From Belluno the Alps drop rapidly to the coastal plain of northeast Italy. After an hour's drive on the Autostrada we reached Venice. We parked on the Tronchetto, a modern parking island with an exit off the Autostrada. We then took the public water bus, or vaporetto, to San Marco.
All of Venice’s six sestieri or districts can be reached on foot, though not the outlying islands. Venice in 2017 appeared at first glance to risk being trampled. The summer crowd pouring in and out was phenomenal. One might speculate that Venice needs fewer tourists, and when considering the great achievements of this city in the past, one might conclude that the world needs more Venetians. We outsiders don’t have the realism for Venice—but when your streets are canals that connect with the open sea, and jellyfish can swim up the canal past your door, realism may become second nature.
The lion above, on the Arsenale gate, is the only Venetian lion sculpted holding a closed book, representing the Gospel according to Mark. All other Venetian lion sculptures hold an open book with the words Pax Tibi Marce Evangelista Meus -- a reference to the legend that an angel appeared to St. Mark as his boat was passing the sandspit that later became Venice, en route from Aquileia to Ravenna. The Arsenale is the source of the modern word arsenal, and this building was the headquarters of Venice's formidable navy. Hence the phrase Pax Tibi was considered inappropriate for this gate.
The best modern history of Venice I know of is John Julius Norwich's History of Venice, and those unfamiliar with the rise, long triumph, and ultimate decline of the Venetian Empire may wish to read it. Venice, though not physically large, is one of the world's great cities and a lifetime studying Venice would not be ill spent.

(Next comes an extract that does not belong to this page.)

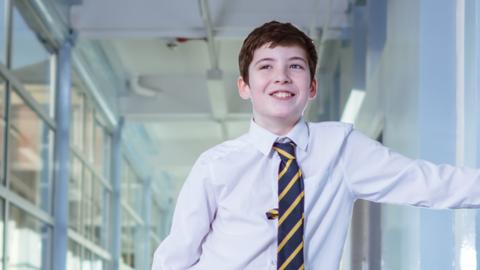 A boy in school uniform.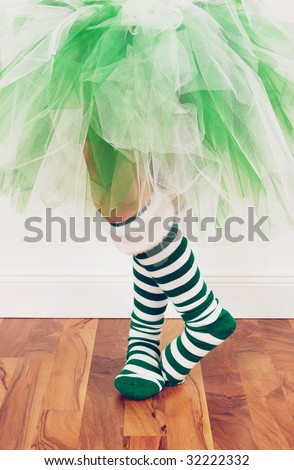 A young girl wearing a green and white tutu and socks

We left Venice on foot. For 1,200 years or more that would have been impossible, except by wading and swimming the lagoon. But the Tronchetto parking island off the Autostrada is connected to Venice by a causeway. Rail and vehicular access to Venice only became possible late in the 20th Century, and changed the nature of the city. It's a long walk, if you chose to enter or leave Venice by foot. The winding mazes of lanes and squares were never intended as thoroughfares; quite the opposite. But walking out gave us a last couple of hours to meander through the seemingly enchanted city of Venice.